__What this task involves__: Going through the material below, output exactly the lines from the one containing "Load image into" through the one containing "Nike Air Jordan", and no pictures.

__Data records__:
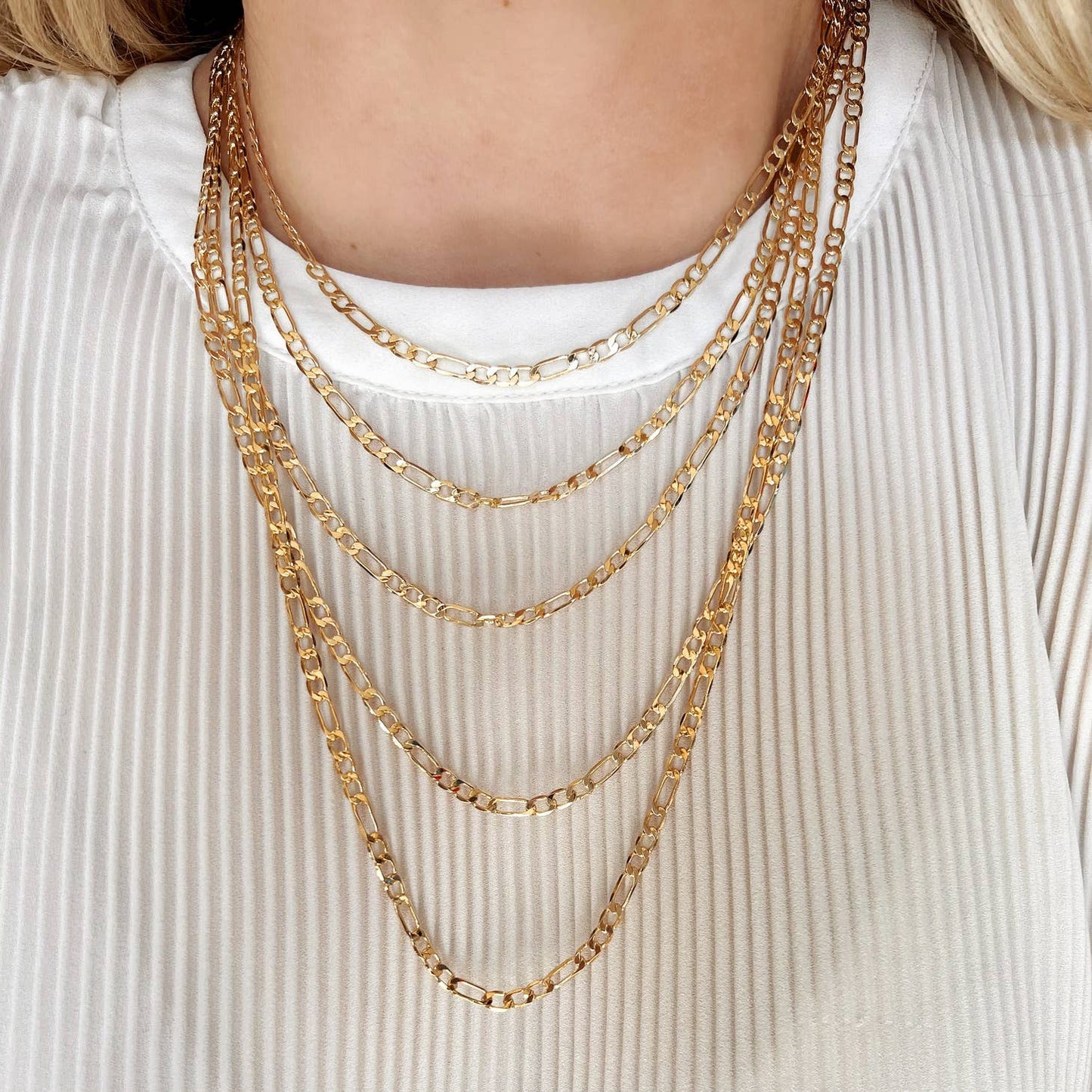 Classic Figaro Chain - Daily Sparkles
---
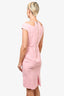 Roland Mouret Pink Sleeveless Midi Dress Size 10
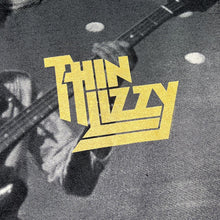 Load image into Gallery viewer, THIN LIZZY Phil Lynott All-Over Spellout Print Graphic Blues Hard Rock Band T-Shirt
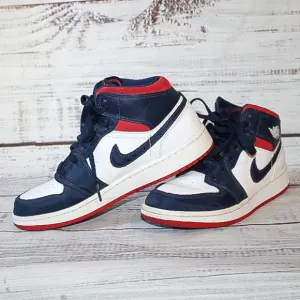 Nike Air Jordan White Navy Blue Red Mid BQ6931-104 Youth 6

__Solution__:
 Load image into Gallery viewer, THIN LIZZY Phil Lynott All-Over Spellout Print Graphic Blues Hard Rock Band T-Shirt
 Nike Air Jordan White Navy Blue Red Mid BQ6931-104 Youth 6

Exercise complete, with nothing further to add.